* **WHAT TO WORK ON**
In your copy, leave out the pictures and repeat every record exactly.

[WORKING DATA Boundary: Start]

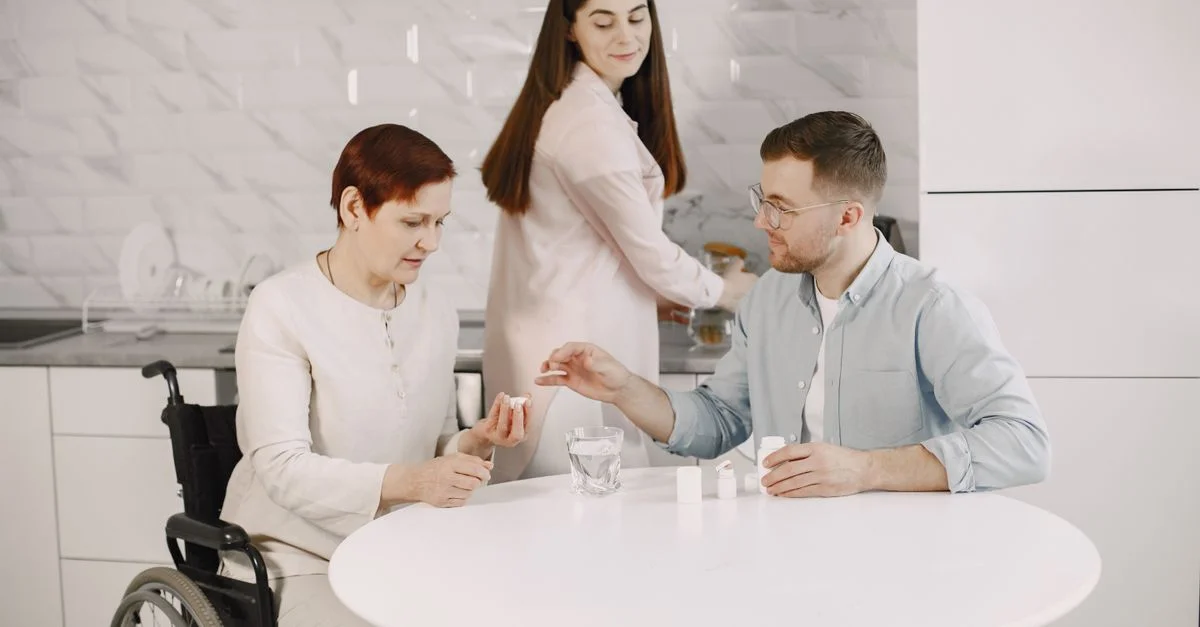 Femme âgée en fauteuil roulant recevant de l'aide pour ses médicaments d'un aidant dans une cuisine moderne.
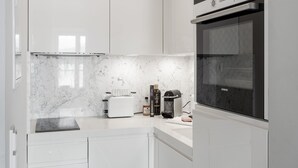 A modern kitchen with white cabinetry, a built-in oven, and a countertop with a coffee maker and toaster. - Exclusive with lake view, free parking space and high-quality furnishings (Tegernsee)
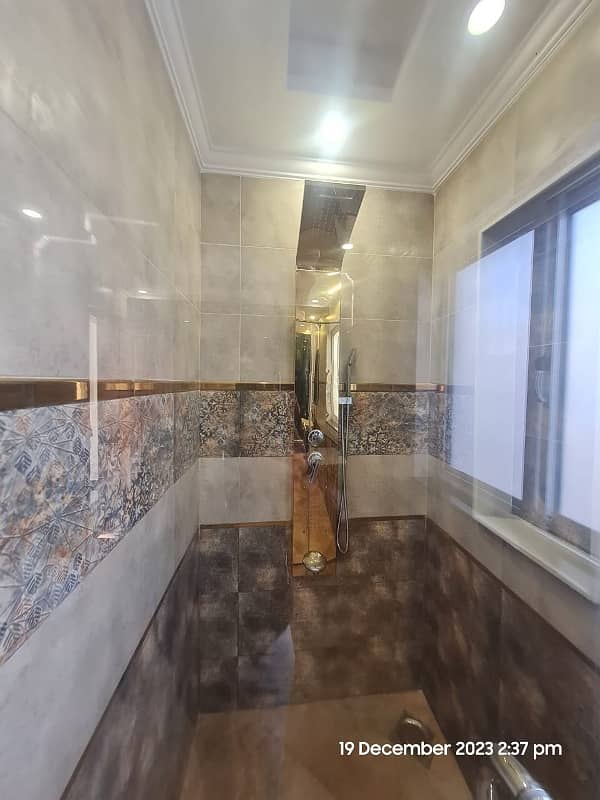 1 Kanal Brand New Super Hot Located Bungalow On Main Road With Full Basement And Home Theatre Is Available For Rent In The Best Block Of DHA Phase 6 Lahore Opposite To Lahore Garrison University 6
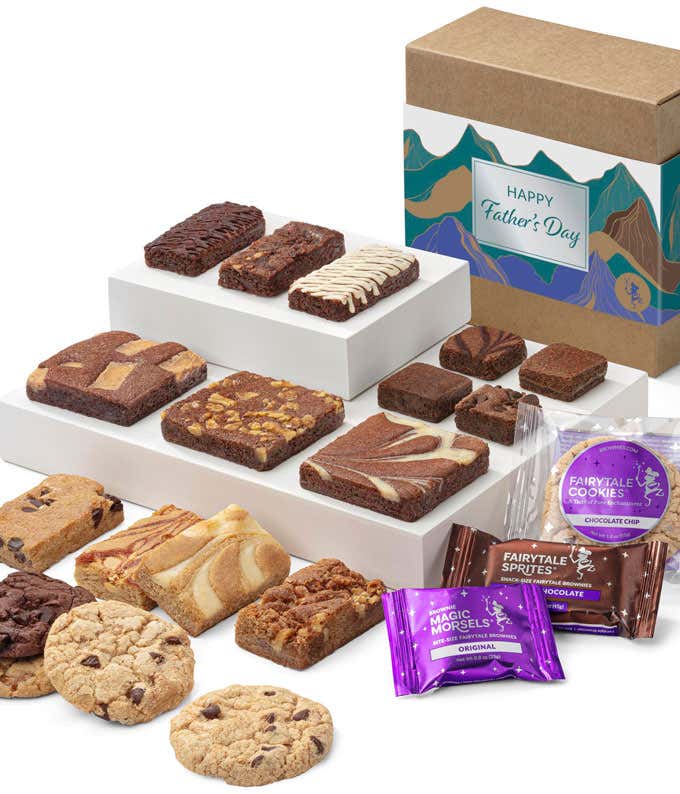 The image displays a box labeled 'Happy Father's Day' with a mountain design, containing assorted brownies and cookies. The treats are arranged on tiered white trays, showcasing various flavors. Fairytale Cookies and Magic Morsels packets are also include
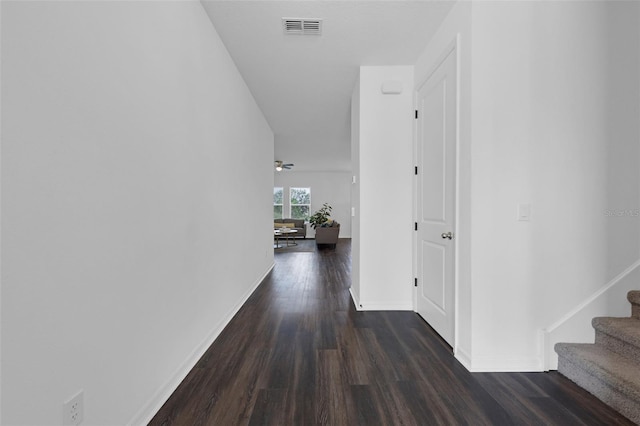 2210 Derwent Dr, Davenport, FL 33896 - hallway with wood finished floors, stairway, and baseboards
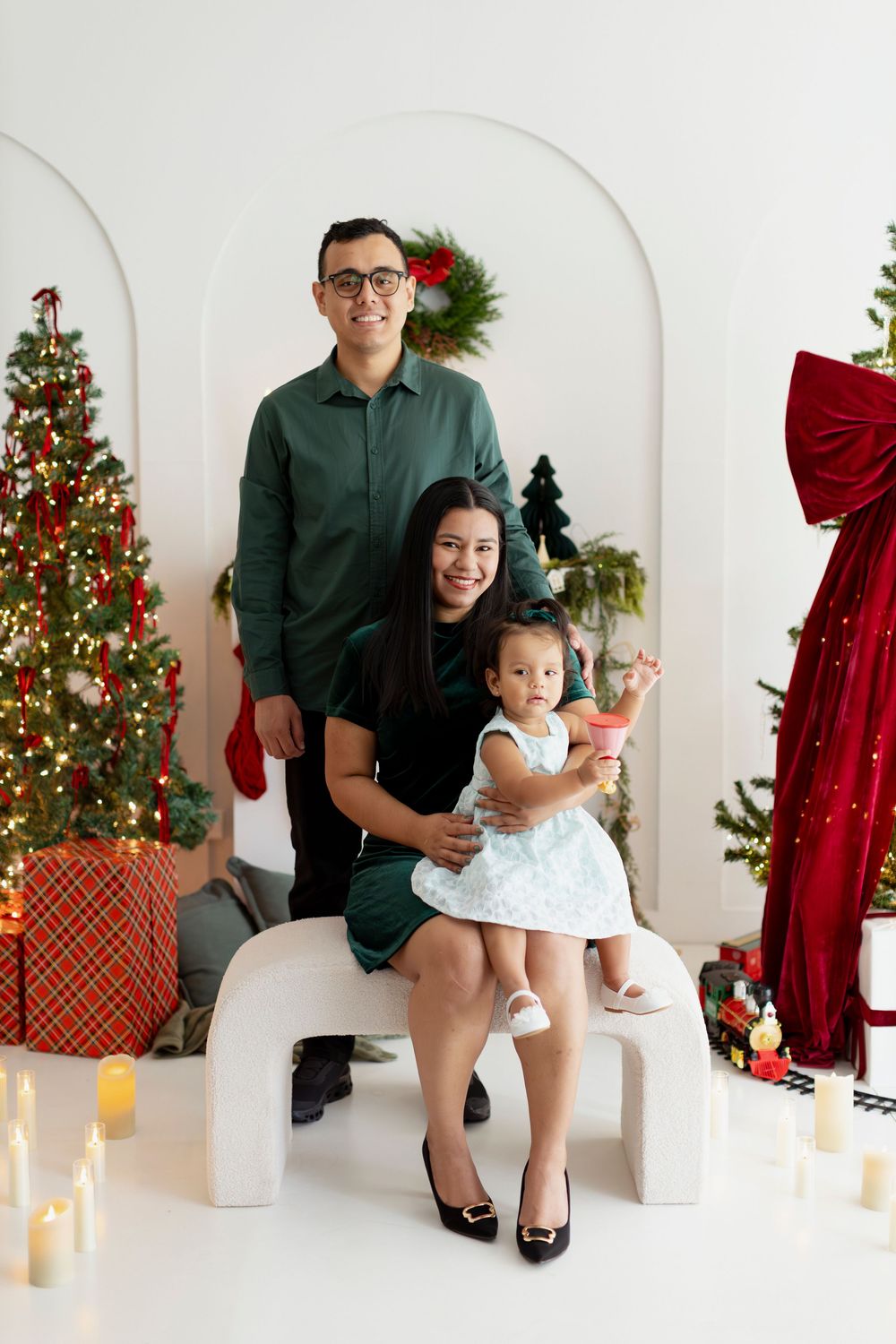 Holiday family portrait in white studio with Christmas trees, presents, and decorative arches.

[WORKING DATA Boundary: End]

* **ANSWER AREA**
 Femme âgée en fauteuil roulant recevant de l'aide pour ses médicaments d'un aidant dans une cuisine moderne.
 A modern kitchen with white cabinetry, a built-in oven, and a countertop with a coffee maker and toaster. - Exclusive with lake view, free parking space and high-quality furnishings (Tegernsee)
 1 Kanal Brand New Super Hot Located Bungalow On Main Road With Full Basement And Home Theatre Is Available For Rent In The Best Block Of DHA Phase 6 Lahore Opposite To Lahore Garrison University 6
 The image displays a box labeled 'Happy Father's Day' with a mountain design, containing assorted brownies and cookies. The treats are arranged on tiered white trays, showcasing various flavors. Fairytale Cookies and Magic Morsels packets are also include
 2210 Derwent Dr, Davenport, FL 33896 - hallway with wood finished floors, stairway, and baseboards
 Holiday family portrait in white studio with Christmas trees, presents, and decorative arches.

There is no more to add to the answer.